New findings indicate that the risk of developing ischemic strokes is increased in people with obsessive-compulsive disorder (OCD), with older adults prone to the highest risk of ischemic stroke, yet the mechanistic association between OCD and stroke risk remains unclear.
Obsessive-Compulsive Disorder (OCD). Image Credit: StepanPopov/Shutterstock.com
The relationship between cerebrovascular disease and obsessive-compulsive disorder (OCD)
OCD is a common and sometimes debilitating mental health condition, driving compulsive behaviors, which can interfere with a person’s daily activities and social interactions. Although often missed or frequently undertreated, the World Health Organization (WHO) places OCD in the ten most disabling conditions worldwide, with a lifetime prevalence of 1% to 3%.
Clinal research has shown patients with OCD tend to also suffer from stroke-related metabolic disorders, such as obesity and diabetes.

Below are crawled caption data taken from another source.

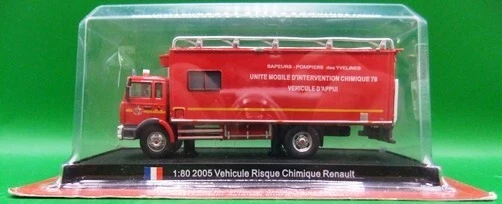 DEL PRADO  2005 RENAULT CHEMICAL RISK VAN   Fire Service Vehicle  1/80 - BBB177 - Image 1 of 1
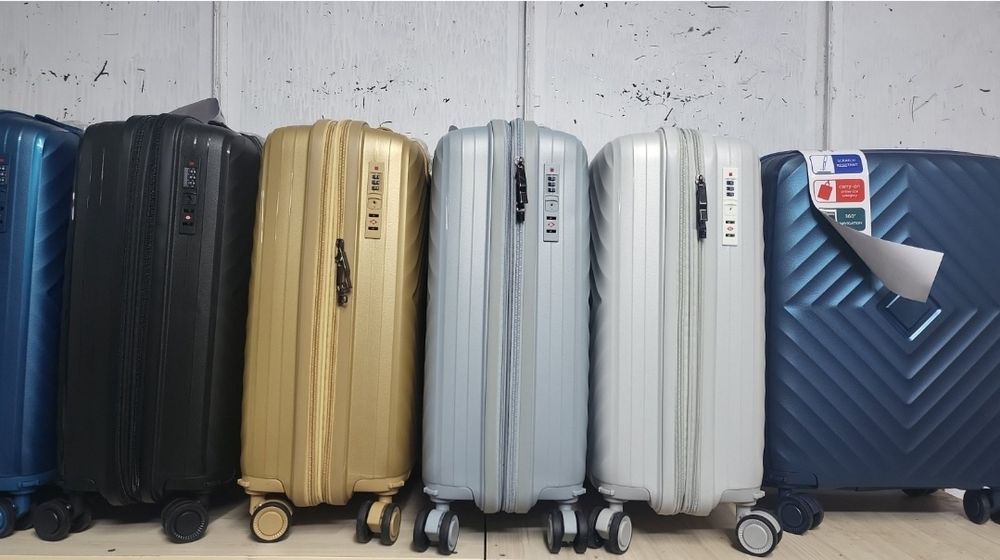 Нови куфари от полипропилен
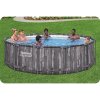 Piscină de grădină cu cadru 366 x 100 cm 10în1 Bestway 5614X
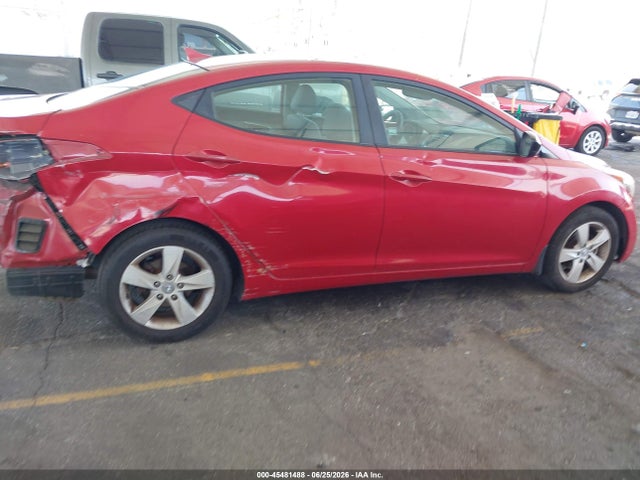 2013 Hyundai ELANTRA GLS — миниатюра 14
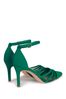 Linzi Green Serri Court Stiletto Heel With Mesh Front Detail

These factors can contribute to increasing the risk of developing a stroke, which is a medical emergency occurring due to interrupted blood and oxygen flow to the brain. The most common stroke is due to a blood clot interrupting flow (ischemic stroke), with less common being due to a burst blood vessel that causes bleeding in the brain (hemorrhagic stroke).
Although mounting evidence indicates there is an association between OCD and stroke risk, particularly as stroke patients sometimes develop OCD post-stroke, the reverse may also be true. That is, new research has examined whether OCD itself increases stroke risk in a study published in Stroke, a journal of the American Stroke Association, a division of the American Heart Association.

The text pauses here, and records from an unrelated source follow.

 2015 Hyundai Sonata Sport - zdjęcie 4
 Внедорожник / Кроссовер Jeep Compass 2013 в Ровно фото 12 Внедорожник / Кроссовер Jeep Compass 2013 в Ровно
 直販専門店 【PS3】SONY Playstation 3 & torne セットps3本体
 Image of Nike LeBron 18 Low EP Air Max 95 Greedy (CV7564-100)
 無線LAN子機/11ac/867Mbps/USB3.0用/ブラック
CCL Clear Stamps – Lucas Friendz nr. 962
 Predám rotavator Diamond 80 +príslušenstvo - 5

OCD increases the risk for ischemic stroke more than 3 times particularly among older adults
Using health records from 2001-2010 from the Taiwan National Health Insurance Research Database, researchers compared stroke risk between 28,064 adults with OCD and 28,064 adults who did not have OCD. The average age at diagnosis was 37 years old, with equal representation of men and women, with data for patients lasting up to 11 years.

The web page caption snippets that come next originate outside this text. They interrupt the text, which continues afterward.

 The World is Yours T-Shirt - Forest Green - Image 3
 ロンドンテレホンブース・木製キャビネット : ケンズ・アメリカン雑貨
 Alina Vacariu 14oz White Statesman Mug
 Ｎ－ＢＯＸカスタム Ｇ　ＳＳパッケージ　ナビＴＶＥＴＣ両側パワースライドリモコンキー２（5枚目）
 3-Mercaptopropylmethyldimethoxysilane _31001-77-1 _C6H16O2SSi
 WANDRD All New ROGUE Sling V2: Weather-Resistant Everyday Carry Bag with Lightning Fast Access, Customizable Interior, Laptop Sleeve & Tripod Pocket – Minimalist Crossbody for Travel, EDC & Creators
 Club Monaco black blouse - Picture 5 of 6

Analyzing the collected data showed that even after controlling for factors known to increase stroke risk including obesity, heart disease, smoking, high blood pressure, and high cholesterol, OCD remained an independent risk factor for ischemic stroke. Adults with OCD had more than 3 times the chance to develop ischemic stroke compared to adults without OCD, with particularly significant differences in older adults, as the greatest risk was among adults aged 60 and older.
However, no differences were found when considering hemorrhagic strokes (burst blood vessels), and medications to treat OCD were not associated with an increased risk of stroke.
The results of our study should encourage people with OCD to maintain a healthy lifestyle, such as quitting or not smoking, getting regular physical activity and managing a healthy weight to avoid stroke-related risk factors,”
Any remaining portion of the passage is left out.